Conflicting variable types

If files have conflicting types across a given variable, the lowest-denominator type for that variable is chosen when the files are merged.

Import sources

By default, you may upload data from your local computer or a public URL. However, Redivis supports numerous integrations for data ingest across common sources. Please note that you will have to enable the corresponding integration on your workspace before being able to use it.

Google Cloud Storage (GCS)

You may import any object that you have read access to in GCS by specifying a bucket name and path to that object. You may import multiple objects at once by providing a prefix followed by a wildcard character, e.g.: /my-bucket/my-folder/* or /my-bucket/my-folder/prefix* .

Amazon S3

You may import any object that you have read access to in GCS by specifying a bucket name and path to that object. You may import multiple objects at once by providing a prefix followed by a wildcard character, e.g.: /my-bucket/my-folder/* or /my-bucket/my-folder/prefix* .

Google Drive

You may import any file of valid format that you have stored within your Drive, including Google Sheets.

Google BigQuery

You may import any table that you have read access to in BigQuery. You must specify the table in the form project_name.dataset_id.table_id . To import multiple tables within a dataset, you may use wildcards. E.g., project_name.dataset_id.* or project_name.dataset_id.prefix* .

Please note that table views are not currently supported.

Box

You may import any file of valid format that you have stored within Box.

OneDrive

You may import any file of valid format that you have stored within OneDrive.

Error handling

A file may fail to import due to several reasons; in each case, Redivis endeavors to provide a clear error message for you to fix the error.

Network issues

When transferring a file from your computer (or more rarely, from other import sources), there may be an interruption to the internet connection that prevents the file from being fully uploaded.

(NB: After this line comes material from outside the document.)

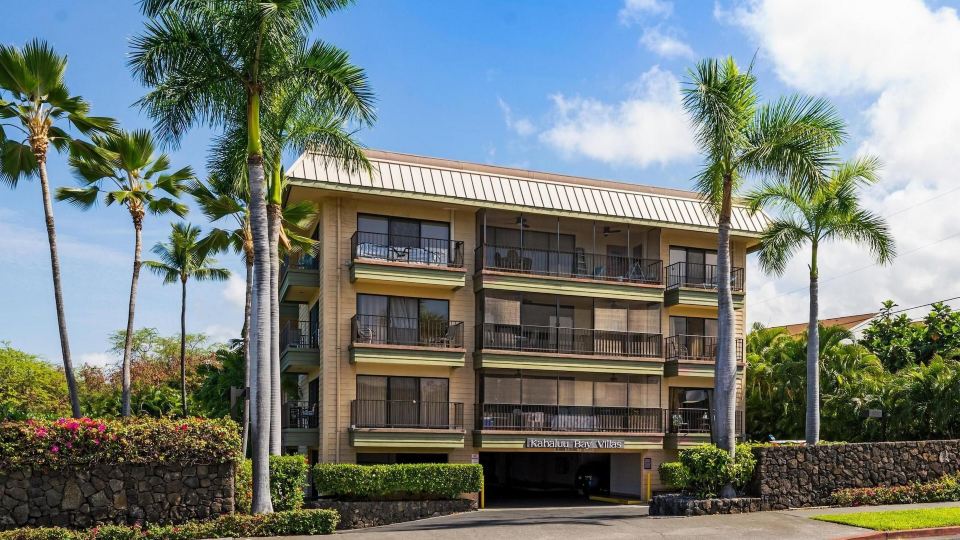 Big Island Kahaluu Bay Villas by Coldwell Banker Island Vacations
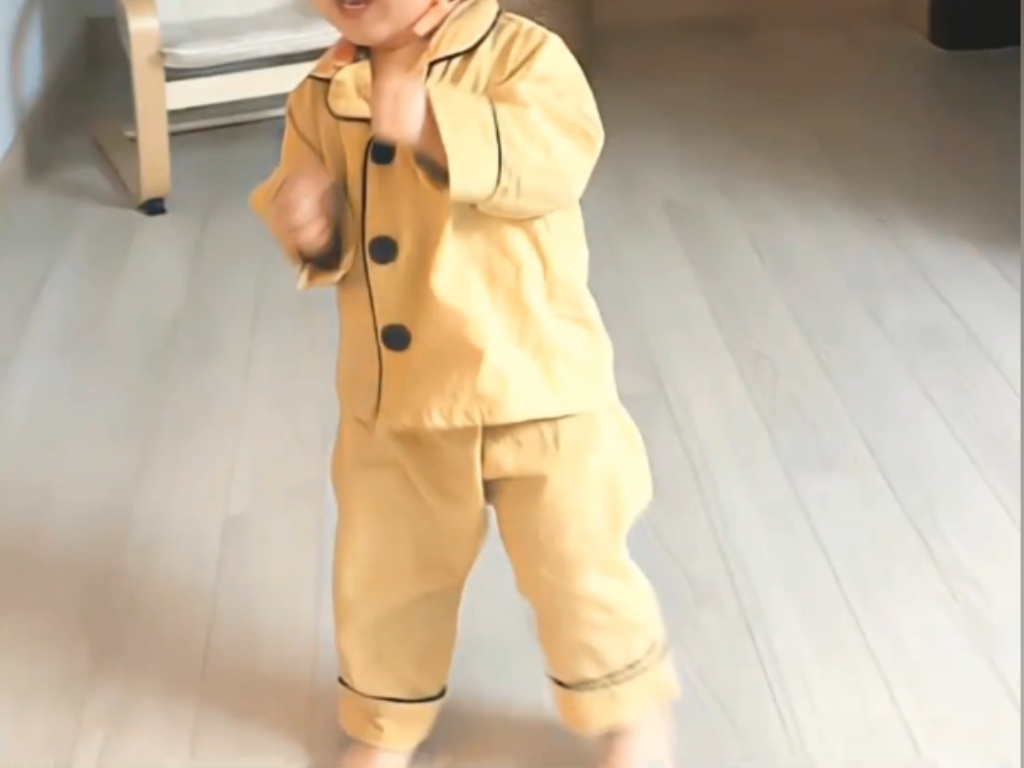 哈温呐~看哈温,治愈所有不开心#黄河温 #黄夏温 #萌娃 #治愈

In these cases, you should simply try uploading the file again.

Invalid or corrupted source data

Data invalidity is most common when uploading text-delimited files, though it can happen with any file format. While some data invalidity errors may require further investigation off of Redivis, others may be due to incorrect options provided in the file upload process. When possible, Redivis will display ~1000 characters that are near the error in the source file, allowing you to identify the potential source of failure.

For example, the following screenshot highlights content near the error, where we can see that a single cell contains multiple line break characters. By reimporting the file setting the "Allow quoted new lines" option to true, this problem will be resolved.